**The problem**
Print exactly the line that contains "Amir and Maya.", then every following line through the end of the material; include nothing else and no pictures.

***** Given information

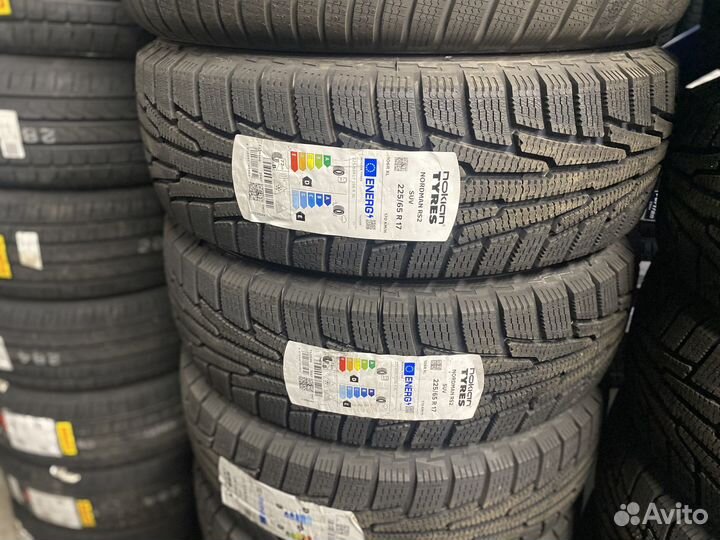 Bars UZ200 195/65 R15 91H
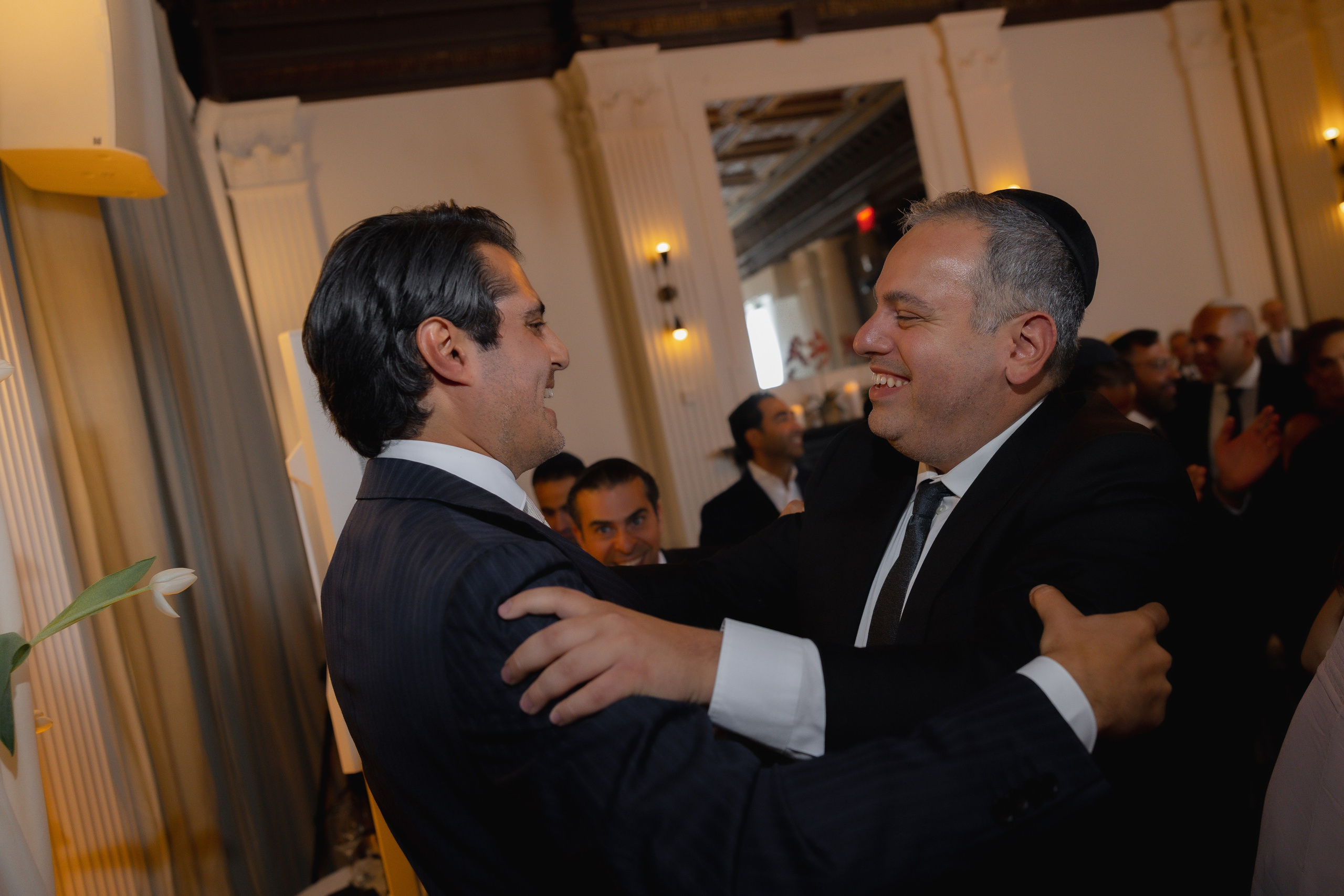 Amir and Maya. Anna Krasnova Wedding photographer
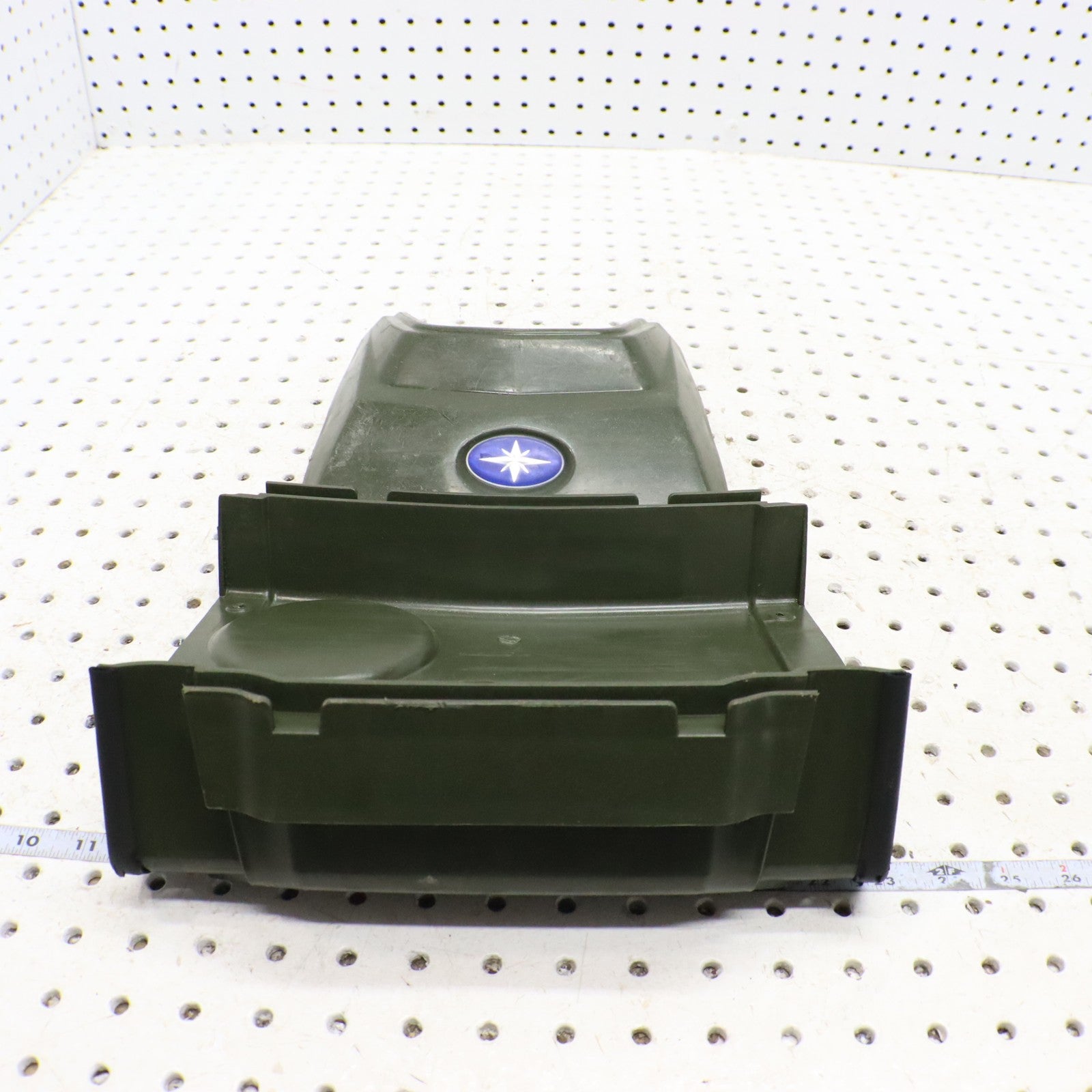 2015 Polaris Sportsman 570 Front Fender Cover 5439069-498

**********

**Task solution**
 Amir and Maya. Anna Krasnova Wedding photographer
 2015 Polaris Sportsman 570 Front Fender Cover 5439069-498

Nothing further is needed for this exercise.